Search code examples
javaniommap

Java memory mapped binary search


I'm currently trying to find the fastest way of searching a 2GB binary file within java. This is different to my normal problems, as this file is already memory-mapped into the Linux file system using mmap.

The file is question is a binary file, and I need to search it for a fixed four byte string; AXL0

Normally, on smaller files, I'd just buffer it, convert it to a string, and then regex it.
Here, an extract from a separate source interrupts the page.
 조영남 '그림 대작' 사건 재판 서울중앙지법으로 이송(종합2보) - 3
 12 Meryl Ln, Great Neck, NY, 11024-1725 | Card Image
However, as this file is already memory-mapped, and is quite large, the idea of re-buffering it seems wrong, and also converting it into a 2GB string seems even more wrongerer...

After some reading, I've come across the Java NIO packages along with FileChannels and MappedByteBuffers, but I'm not entirely sure how to set them up.

I just need to scan the file, from zero to the last byte in the file and locate each instance of the four byte string.

If anyone could offer some advice or input, I'd greatly appreciate it.

Thanks.


Solution

  • Looking at the task abstractly, you can't do anything better than a linear search.

    From there follows it won't likely matter much which API you use to actually perform the search, for simplicity I would simply go with a buffered InputStream, which can be implemented agnostic of the actual data source and has no inherent limit preventing it from working on files larger than 2GB.

    As long as you chose a reasonable buffer size (read: not too tiny) you should get reasonable performance (as in close to the actual I/O speed limit, except maybe for an SSD because your scan may take longer than the actual I/O in that case).

    Edit: Following KISS you get a few lines of code that should do just fine

    public class ScanForByteCombo {
    
        public static List<Long> scanFor(InputStream is, int needle) throws IOException {
            List<Long> foundOffsets = new ArrayList<>();
            InputStream bs = new BufferedInputStream(is, 0x10000);
            int data = 0;
            int b;
            long offset = 0;
            while ((b = bs.read()) != -1) {
                data = (data << 8) | b;
                if (data == needle) 
                    foundOffsets.add(offset);
                ++offset;
            }
            return foundOffsets;
        }
    
        public static void main(String[] argv) {
    
            int needle = ('A' << 24) | ('X' << 16) | ('F' << 8) | '0';
    
            long start = System.currentTimeMillis();
            try (InputStream is = new FileInputStream("your file")) {
                List<Long> found = scanFor(is, needle);
                System.out.println(found);
            } catch (Exception e) {
                e.printStackTrace();
            }
            System.out.println("scan took " + (System.currentTimeMillis() - start) + "ms. Acceptable?");
        }
    
    }
    

    While it looks mighty inefficient you will probably have to go to great lengths to actually improve performance by a noteworthy amount.